Hot pink has the reputation of being too girly. Also, age-inappropriate for those of us old enough to have actually worn it in high school, in the form of spandex tights and in combination with neon green spandex tube tops.

But I digress.

The question is, if I feel that way about hot pink, then why is my entire store-bought running wardrobe in that color exactly? (Note the “store-bought” qualifier, by the way: I exclude from this category race T-shirts, which lately have been overwhelmingly medium to dark grey. Big mistake, that grey, but let’s get back to this later.)

Seriously, though, look:

A hot pink dress. A hot pink skirt. A hot pink visor. A hot pink bra. A hot pink racerback top. OK, so there’s also a black dress, but it does have pretty purple flowers. The black/ purple tights are to be worn under the dress, so they don’t count. They were on sale, 60% off, and guess what: the hot pink version was sold out.

Any time I have the urge to shop for running clothes, I gravitate towards hot pink. No exception. Whenever SkirtSports.com is running a sale, the hot pink items are first to go. (The same likely applies to regularly priced stuff, I just don’t monitor that as obsessively.)

Why that love for hot pink? Has it always been that popular among female runners? Or did it take sportswear manufacturers that long to figure out that we, ladies, want to look cute while running, thank you very much? (No, really, Thank You SkirtSports, the first company ever to start making running skirts back in 2005. I bought my first one in 2006. It was hot pink!)

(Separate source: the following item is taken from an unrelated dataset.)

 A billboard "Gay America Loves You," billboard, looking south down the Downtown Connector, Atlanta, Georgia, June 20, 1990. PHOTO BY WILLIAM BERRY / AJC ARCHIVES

For answers to those questions, I flipped through Leatrice Eiseman‘s aptly named The Color Answer Book. Eiseman, a color specialist and consultant to Pantone®, writes that those who like vivid, bright and hot pinks match the personalities of people whose favorite color is red: the key descriptive words for whom are “winner, achiever, intense, impulsive, active, competitive, daring, aggressive, optimistic, emotional, and extroverted.”

No wonder there’s so much hot pink at races, especially women-only ones, like the Wahine Half Marathon in Honolulu earlier this year:

Now let’s contrast all that hot pinkness (or is it pink hotness) to what seems to be, as of late, the most popular color for race T-shirts: the dreaded grey! (But no, I am not getting into a 50 shades conversation at this time, thanks.)

Really, people — sports clothes manufacturers, race organizers, et. al. What. Were. You. Thinking. Dullness aside, have you not seen what happens to grey when combined with moisture, as in sweat?

On T-shirts, it shows immediately in the form of humongous dark armpit stains. There is, also, the underboob area: should it be that evident that we sweat there? And my personal favorite, shorts or pants: it just looks like you peed all over yourself.

Please, please: forget all shades of grey. Make light-color T-shirts as race giveaways (white is perfectly fine). And in women-only races, be bold: bright red, yellow, or — you guessed it — hot pink!

Take a cue from the Divas Half Marathon series (T-shirt above) and just let us be girly and cute. You’ll be pleased to see us wear those T-shirts on training runs, and best of all, at your competitors’ races. Especially if theirs are grey.